Follow-up: How would you prevent developers from bypassing Atlantis and running terraform directly?
You integrate Atlantis with your CI/CD system. Currently, test failures block apply. But Atlantis doesn't know about CI test results - it just sees PR is merged. How do you integrate test results into Atlantis approval?

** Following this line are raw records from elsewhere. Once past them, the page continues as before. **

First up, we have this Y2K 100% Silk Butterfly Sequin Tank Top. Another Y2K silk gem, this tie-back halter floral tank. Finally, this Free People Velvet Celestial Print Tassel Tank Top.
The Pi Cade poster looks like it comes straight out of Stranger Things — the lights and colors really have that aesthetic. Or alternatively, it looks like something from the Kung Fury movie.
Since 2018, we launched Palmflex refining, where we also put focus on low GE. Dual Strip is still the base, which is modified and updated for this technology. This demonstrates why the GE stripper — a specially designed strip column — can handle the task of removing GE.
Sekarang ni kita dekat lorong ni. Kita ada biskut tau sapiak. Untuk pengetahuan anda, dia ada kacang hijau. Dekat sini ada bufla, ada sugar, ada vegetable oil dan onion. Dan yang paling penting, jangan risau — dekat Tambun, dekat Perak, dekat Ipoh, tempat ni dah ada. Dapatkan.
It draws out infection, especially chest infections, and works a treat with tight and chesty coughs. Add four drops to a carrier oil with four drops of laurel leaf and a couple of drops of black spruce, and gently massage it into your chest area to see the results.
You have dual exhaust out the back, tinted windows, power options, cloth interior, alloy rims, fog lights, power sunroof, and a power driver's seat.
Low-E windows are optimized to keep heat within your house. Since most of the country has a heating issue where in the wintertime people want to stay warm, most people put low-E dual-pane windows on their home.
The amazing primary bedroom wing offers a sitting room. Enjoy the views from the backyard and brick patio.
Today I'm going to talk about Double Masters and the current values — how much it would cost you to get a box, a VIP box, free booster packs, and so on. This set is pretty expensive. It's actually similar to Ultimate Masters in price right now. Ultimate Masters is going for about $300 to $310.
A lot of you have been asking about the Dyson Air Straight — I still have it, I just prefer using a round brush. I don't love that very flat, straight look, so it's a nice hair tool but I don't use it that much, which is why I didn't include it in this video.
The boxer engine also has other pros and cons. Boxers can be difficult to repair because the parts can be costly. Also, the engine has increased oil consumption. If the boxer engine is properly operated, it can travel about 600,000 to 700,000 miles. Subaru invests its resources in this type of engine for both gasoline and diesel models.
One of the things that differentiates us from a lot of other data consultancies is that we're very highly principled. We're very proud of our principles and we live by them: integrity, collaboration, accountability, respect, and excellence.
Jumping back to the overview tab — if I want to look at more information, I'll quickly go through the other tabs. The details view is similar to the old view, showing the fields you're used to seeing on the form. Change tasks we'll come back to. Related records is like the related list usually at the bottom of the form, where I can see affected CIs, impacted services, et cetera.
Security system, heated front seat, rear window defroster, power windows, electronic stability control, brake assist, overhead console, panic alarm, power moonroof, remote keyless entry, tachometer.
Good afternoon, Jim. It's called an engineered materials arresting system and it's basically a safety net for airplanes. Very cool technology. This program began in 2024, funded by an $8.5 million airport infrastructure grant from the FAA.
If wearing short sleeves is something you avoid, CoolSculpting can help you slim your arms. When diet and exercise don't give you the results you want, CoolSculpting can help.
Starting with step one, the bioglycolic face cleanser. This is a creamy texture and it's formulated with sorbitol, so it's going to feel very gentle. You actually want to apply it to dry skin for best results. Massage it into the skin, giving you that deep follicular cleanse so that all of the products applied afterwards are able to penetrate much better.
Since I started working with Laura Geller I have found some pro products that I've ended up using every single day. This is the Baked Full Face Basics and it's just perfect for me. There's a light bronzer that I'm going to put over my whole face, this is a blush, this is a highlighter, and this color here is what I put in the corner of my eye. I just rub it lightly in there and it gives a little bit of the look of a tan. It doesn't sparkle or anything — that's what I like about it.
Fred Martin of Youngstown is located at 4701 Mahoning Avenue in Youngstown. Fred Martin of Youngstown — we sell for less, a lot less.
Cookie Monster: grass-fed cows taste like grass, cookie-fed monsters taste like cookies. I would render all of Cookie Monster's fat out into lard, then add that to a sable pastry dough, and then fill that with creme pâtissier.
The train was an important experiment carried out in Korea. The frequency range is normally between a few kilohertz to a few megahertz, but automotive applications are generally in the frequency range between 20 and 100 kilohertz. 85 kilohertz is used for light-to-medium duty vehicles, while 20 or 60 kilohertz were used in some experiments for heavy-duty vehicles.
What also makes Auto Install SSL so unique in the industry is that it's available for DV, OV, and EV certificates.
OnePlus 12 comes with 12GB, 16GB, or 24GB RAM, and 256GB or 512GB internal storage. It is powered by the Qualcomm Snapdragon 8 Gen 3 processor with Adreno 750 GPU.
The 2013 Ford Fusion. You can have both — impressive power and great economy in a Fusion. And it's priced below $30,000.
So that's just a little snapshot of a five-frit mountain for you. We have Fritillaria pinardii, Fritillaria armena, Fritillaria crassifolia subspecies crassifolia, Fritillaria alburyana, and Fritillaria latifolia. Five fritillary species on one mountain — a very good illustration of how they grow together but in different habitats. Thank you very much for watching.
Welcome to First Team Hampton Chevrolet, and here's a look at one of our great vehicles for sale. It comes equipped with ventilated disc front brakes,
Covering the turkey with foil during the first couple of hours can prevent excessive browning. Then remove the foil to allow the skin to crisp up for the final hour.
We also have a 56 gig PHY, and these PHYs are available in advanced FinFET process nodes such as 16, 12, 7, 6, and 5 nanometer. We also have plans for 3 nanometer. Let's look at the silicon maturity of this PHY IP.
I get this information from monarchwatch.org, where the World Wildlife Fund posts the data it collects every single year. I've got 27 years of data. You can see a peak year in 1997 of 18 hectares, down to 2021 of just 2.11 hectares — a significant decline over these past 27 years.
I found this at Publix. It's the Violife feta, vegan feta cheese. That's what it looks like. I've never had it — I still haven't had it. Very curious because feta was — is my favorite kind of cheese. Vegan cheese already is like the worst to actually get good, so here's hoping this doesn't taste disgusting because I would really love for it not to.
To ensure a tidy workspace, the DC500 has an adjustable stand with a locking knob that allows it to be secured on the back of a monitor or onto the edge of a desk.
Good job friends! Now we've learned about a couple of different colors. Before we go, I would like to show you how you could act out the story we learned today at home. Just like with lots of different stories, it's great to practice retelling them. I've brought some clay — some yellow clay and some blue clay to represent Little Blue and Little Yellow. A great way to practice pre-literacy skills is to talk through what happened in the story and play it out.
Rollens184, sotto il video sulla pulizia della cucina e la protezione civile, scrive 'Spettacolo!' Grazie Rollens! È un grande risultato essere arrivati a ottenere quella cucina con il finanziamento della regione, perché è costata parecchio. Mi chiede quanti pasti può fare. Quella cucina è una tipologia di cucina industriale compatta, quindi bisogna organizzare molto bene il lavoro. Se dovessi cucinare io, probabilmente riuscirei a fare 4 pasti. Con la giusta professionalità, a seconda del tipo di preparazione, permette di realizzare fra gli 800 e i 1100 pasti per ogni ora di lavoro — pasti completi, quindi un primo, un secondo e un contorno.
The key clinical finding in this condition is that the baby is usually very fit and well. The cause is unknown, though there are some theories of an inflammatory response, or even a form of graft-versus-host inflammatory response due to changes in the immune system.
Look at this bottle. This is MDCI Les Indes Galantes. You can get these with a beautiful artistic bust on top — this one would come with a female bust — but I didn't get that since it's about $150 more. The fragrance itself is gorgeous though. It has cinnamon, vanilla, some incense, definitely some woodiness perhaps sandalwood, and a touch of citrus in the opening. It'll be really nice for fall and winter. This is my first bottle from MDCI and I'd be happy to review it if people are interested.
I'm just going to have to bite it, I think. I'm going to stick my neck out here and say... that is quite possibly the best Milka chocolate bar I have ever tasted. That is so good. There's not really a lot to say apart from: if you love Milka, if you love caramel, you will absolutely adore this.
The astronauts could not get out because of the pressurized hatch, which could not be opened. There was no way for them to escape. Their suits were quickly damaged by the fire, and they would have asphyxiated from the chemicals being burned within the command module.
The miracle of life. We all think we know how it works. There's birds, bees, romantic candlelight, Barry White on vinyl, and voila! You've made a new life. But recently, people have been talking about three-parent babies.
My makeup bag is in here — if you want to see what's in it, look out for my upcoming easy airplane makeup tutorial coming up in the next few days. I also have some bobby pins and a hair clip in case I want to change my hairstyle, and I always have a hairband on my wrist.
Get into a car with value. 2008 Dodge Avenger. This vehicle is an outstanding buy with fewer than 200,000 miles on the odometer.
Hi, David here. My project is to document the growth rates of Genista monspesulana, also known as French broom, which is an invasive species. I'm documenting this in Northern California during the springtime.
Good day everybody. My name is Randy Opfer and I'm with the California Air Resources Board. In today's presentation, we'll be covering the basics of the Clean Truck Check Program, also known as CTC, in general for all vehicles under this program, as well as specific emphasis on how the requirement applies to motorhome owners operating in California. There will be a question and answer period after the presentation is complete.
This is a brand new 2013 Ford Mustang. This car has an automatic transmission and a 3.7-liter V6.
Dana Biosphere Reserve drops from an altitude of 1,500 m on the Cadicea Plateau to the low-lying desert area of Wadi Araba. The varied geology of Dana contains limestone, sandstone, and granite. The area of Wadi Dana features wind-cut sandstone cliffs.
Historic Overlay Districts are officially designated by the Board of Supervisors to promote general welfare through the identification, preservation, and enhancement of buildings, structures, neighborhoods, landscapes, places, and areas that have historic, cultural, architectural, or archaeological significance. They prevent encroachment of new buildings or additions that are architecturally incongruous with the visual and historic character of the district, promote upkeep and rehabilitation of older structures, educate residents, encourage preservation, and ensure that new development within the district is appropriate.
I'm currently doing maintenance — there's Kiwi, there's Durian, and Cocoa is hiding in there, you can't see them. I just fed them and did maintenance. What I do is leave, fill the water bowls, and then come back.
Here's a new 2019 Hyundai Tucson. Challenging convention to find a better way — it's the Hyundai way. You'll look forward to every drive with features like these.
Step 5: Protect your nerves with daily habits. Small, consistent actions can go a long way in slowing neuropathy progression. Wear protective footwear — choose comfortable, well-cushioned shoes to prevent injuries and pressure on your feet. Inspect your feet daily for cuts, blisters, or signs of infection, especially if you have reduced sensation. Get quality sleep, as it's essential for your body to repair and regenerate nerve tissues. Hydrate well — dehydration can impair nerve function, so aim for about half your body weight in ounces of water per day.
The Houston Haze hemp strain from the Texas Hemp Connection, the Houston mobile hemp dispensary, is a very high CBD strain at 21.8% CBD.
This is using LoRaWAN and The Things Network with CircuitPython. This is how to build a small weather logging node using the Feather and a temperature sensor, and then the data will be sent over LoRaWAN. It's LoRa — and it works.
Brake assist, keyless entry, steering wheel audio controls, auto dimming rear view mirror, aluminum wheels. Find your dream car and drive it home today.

Integrate CI/CD with Atlantis approval: 1) GitHub status checks: CI pipeline sets commit status: `checks: [lint, test, security-scan]`. GitHub requires all checks pass before merge. Atlantis respects this: `apply_requirements: [mergeable]` fails if any check fails. 2) Custom webhooks: CI posts test results to Atlantis via webhook. Atlantis stores results. Apply handler checks: if test failed, block apply. 3) External validation: on `atlantis apply`, run external script that queries CI system: `curl -H "Authorization: Bearer $CI_TOKEN" https://ci.company.com/results/$PR_NUMBER | jq '.status'`. If failed, exit 1. Block apply. 4) Run tasks: Atlantis run tasks can call external systems: `hooks: apply: - run: bash check_ci_status.sh`. 5) Slack integration: Atlantis notifies Slack: "PR passed tests. Safe to apply". 6) For safety: require human approval even if tests pass. Approver manually verifies test results. 7) Documentation: show team that apply requires: tests pass + human approval. 8) SLA: CI should complete within 10 min. If > 10 min, escalate. Atlantis apply waits.
Follow-up: How would you handle a flaky test that sometimes passes and sometimes fails?